By Juan Cole / Informed CommentLt. Gen. Mike Flynn (Ret.) is the National Security Adviser of President Trump. Very serious questions continue to swirl around his relationship with the government of the Russian Federation. These questions take on special significance given the alleged Russian role in interfering in the 2016 presidential election. By now, two possible criminal charges could be lodged against Flynn, both related to Russia. The first is that he took money from the Russian government, a violation of the Emoluments Clause of the Constitution.

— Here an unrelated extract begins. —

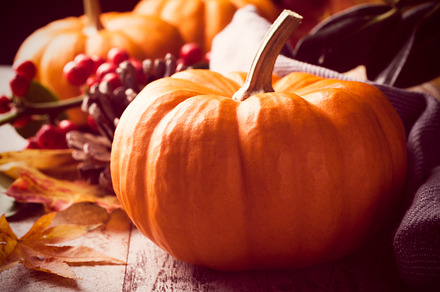 Autumn still life featuring pumpkin, background, and autumn, a Food & Drink Photo by Iryna Melnyk Photography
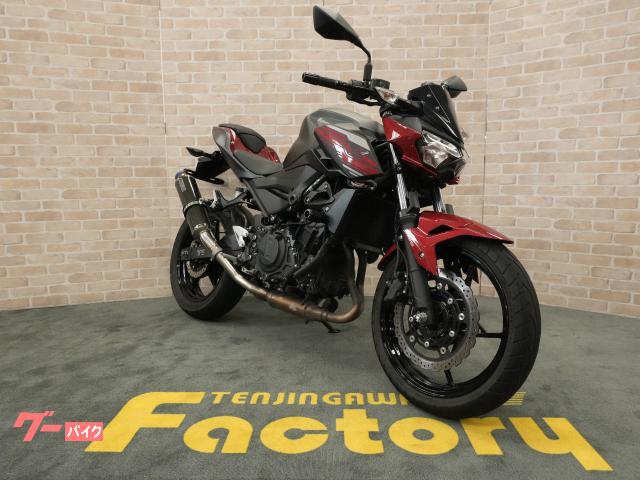 カワサキ Z250 2019年モデル キャンディーカーデイナルレッド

The other is that he called the Russian Embassy on Christmas Day last year and discussed the sanctions imposed on that country by President Obama over the hacking of the RNC and DNC during the election. Such a conversation would be a violation of the Logan Act.

The Washington Post reports that conversations with no less than nine intelligence officials confirm that Flynn did talk with Russian Ambassador Sergey Kislyak about Obama’s sanctions on the Russian Federation. Flynn apparently urged the Russians not to be too upset about the new sanctions, suggesting that the Trump administration would revisit them. Flynn at the time was not in any government office and had no right to negotiate with a foreign power, an act prohibited to civilians by the Logan Act. Flynn must have known that the Russian ambassador’s telephone is under NSA surveillance and so it is weird to the extreme that he would risk breaking the law in public, so to speak.

It is bad enough that Flynn may have committed this breach of the law. On top of that, when questioned about these allegations he lied and said he had not discussed sanctions with Kislyak. He not only lied himself but he told Vice President Mike Pence this lie and so arranged for Pence to go on television and repeat Flynn’s lie. Flynn wasn’t under oath, so I suppose this is just a lie and not perjury. But surely lying to your boss and embarrassing him would be a firing offense?

In 2015, retired Lt. Gen. Mike Flynn, having been fired by the Obama administration as director of the Defense Intelligence Agency and then having retired from the military, flew to Moscow and attended a banquet in celebration of the “Russia Today” network, the Russian state-owned television channel. RT does some good work, but you have to keep in mind that its editorial line is set by the Kremlin. The connection to the state is even closer than in the case of the Voice of America. Flynn appears to have been paid for his appearance in Moscow, and it is possible that he was paid quite a lot.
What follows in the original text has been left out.